Zu beschäftigt für Sport?

Wenn man ganz ehrlich ist, hätte man grundsätzlich natürlich schon genügend Zeit, um Bewegung in seinen Alltag zu integrieren. Das Problem liegt meist nur in der persönlichen Prioritäten-Liste, auf der Sport eher weiter unten angesiedelt ist. Dabei ist es einfacher und erfüllender als gedacht, sich täglich etwas Zeit für Gesundheit und Wohlbefinden zu nehmen. Außerdem muss ja nicht gleich mit einem stundenlangen Workout begonnen werden – besonders am Anfang reichen auch kürzere Trainingseinheiten völlig aus.


Tagsüber keine Zeit für Sport?

Die einfache Lösung: Sport am Abend! Das Angebot an Fitness-Studios oder Sportvereinen ist groß und auch das eigene Zuhause lässt sich bestens zum abendlichen Fitness-Workout nutzen. Eine kurze Laufeinheit lässt sich außerdem auch perfekt morgens vor der Arbeit oder in der Mittagspause unterbringen – so kann dann auch der Feierabend ohne schlechtes Gewissen zum Relaxen genutzt werden.
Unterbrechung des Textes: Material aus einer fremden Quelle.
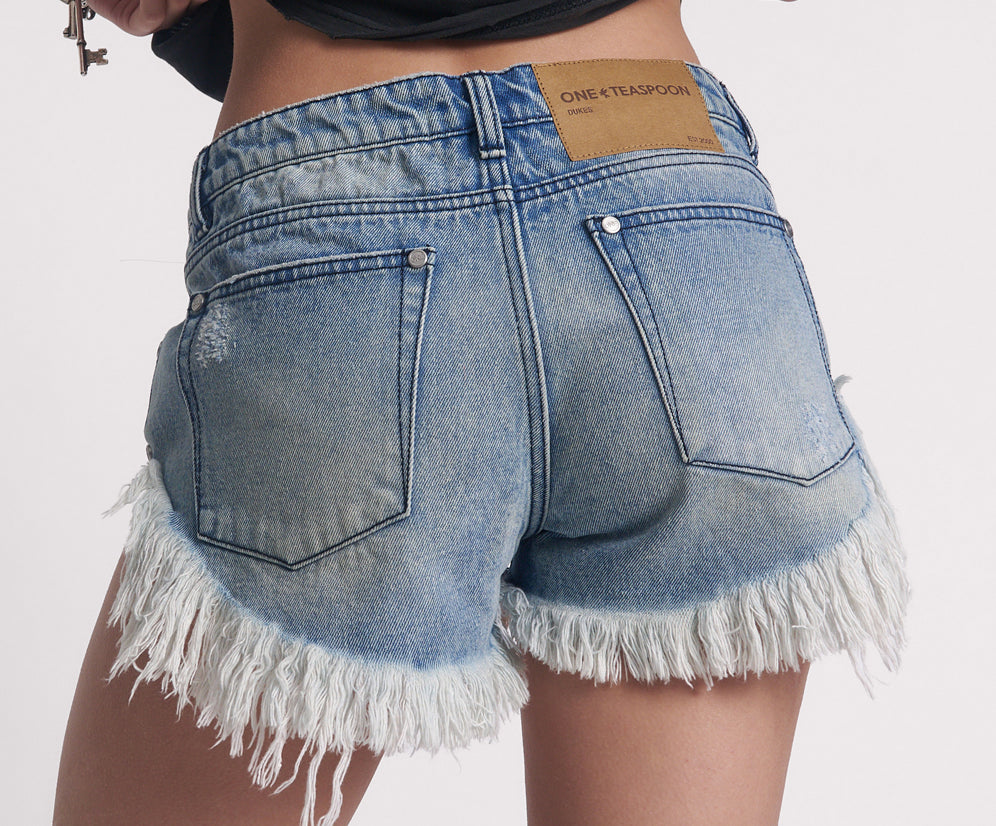 Dukes Low Waist Mini Denim Shorts - Salty Dog Blue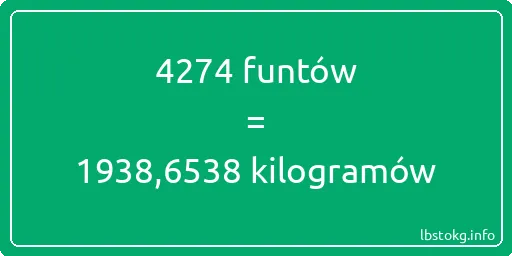 4274 funtów do kilogramów - 4274 funtów do kilogramów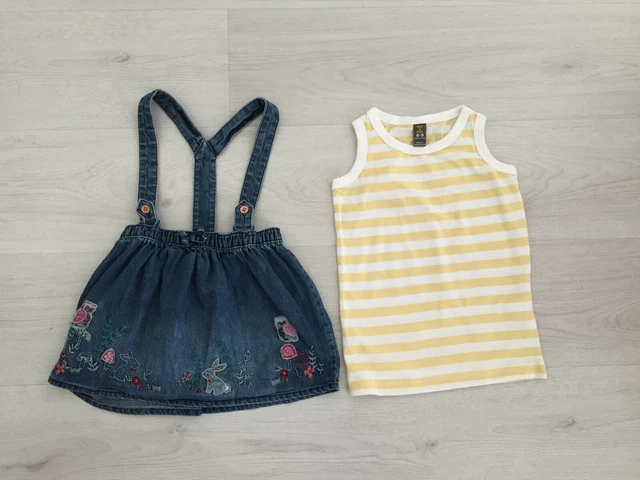 Girls George Embroidered Dungaree Dress & Bnwot Zara Vest Top Bundle Age 3 4 5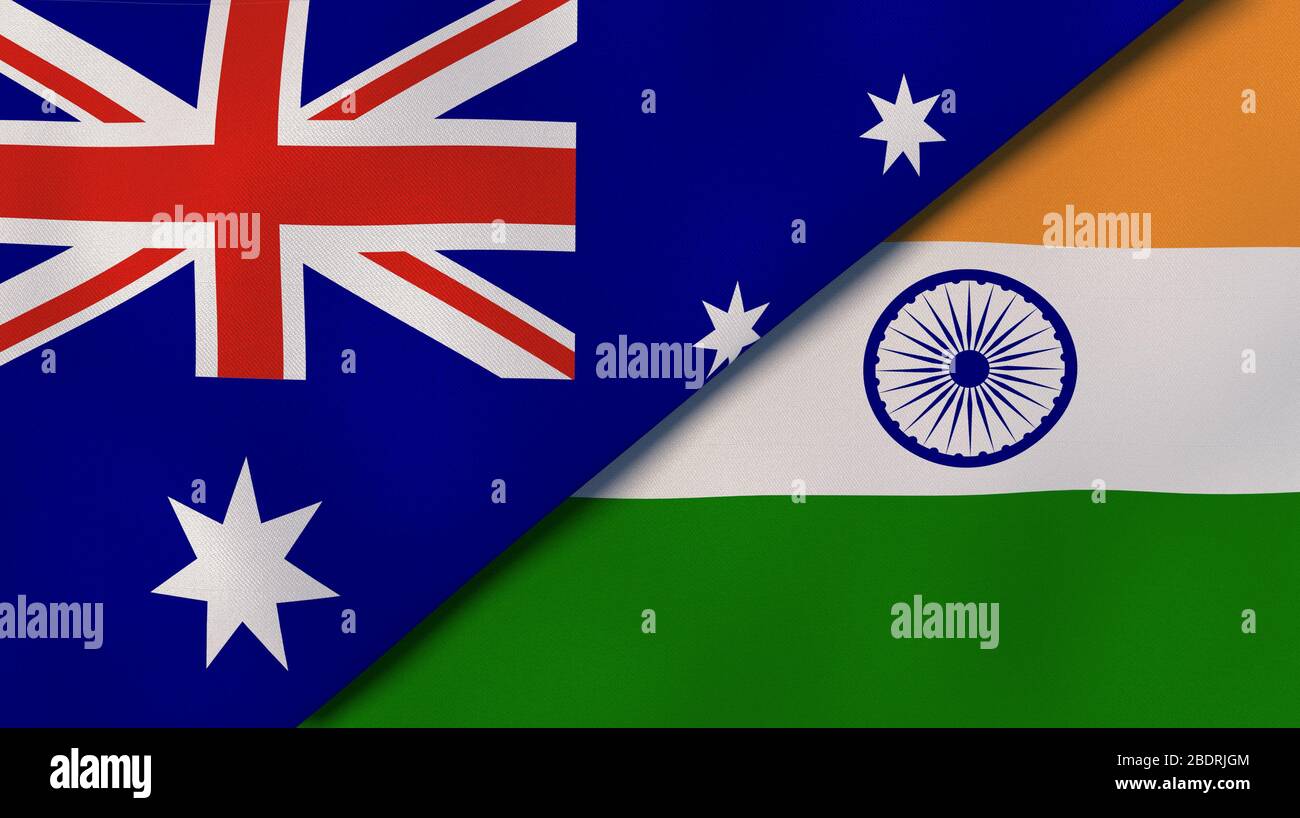 Two states flags of Australia and India. High quality business background. 3d illustration Stock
Keine Lust und Motivation?

Einer der größten Motivations-Killer ist sicher das Setzen von unrealistischen Zielen. Wenn du dich aber in kleinen, leichter zu meisternden Etappen steigerst, und dich fürs Durchhalten und das Erreichen deiner Ziele entsprechend belohnst, wirst du sehen, wie beschwingt und stolz du dich fühlen wirst und wie viel mehr Lust du auf deine tägliche Sport-Einheit haben wirst! Training in einer Gruppe von Freunden oder Gleichgesinnten erhöht den Spaßfaktor und den eigenen Antrieb zusätzlich.


Pauschal zu unsportlich?

Natürlich ist kein Mensch grundsätzlich unsportlich. Wenn du dieses Gefühl hast, hast du vermutlich nur noch nicht die richtige Sportart für dich gefunden. Nimm dir Zeit zum Ausprobieren und teste verschiedene Aktivitäten, um zu sehen, ob sie dir Spaß machen und deinem persönlichen Fitness-Level entsprechen. Egal ob gemeinsam mit Gleichgesinnten oder alleine – starte einfach langsam und steigere dich Schritt für Schritt, bis Sport treiben etwas ganz Natürliches, Selbstverständliches für dich
wird.


Gesundheitlich nicht fit genug für Sport?

Wenn gesundheitliche Probleme oder körperliche Einschränkungen vorliegen, muss die Auswahl einer geeigneten Sportart natürlich mit Bedacht erfolgen – komplett auf Bewegung zu verzichten ist jedoch nur im Akut-Zustand notwendig und sonst eher schädlich. Wenn das Bewegungspensum hinsichtlich Umfang, Dauer und Intensität entsprechend auf den persönlichen Gesundheitszustand abgestimmt ist, ist regelmäßiger Sport also absolut kein Problem.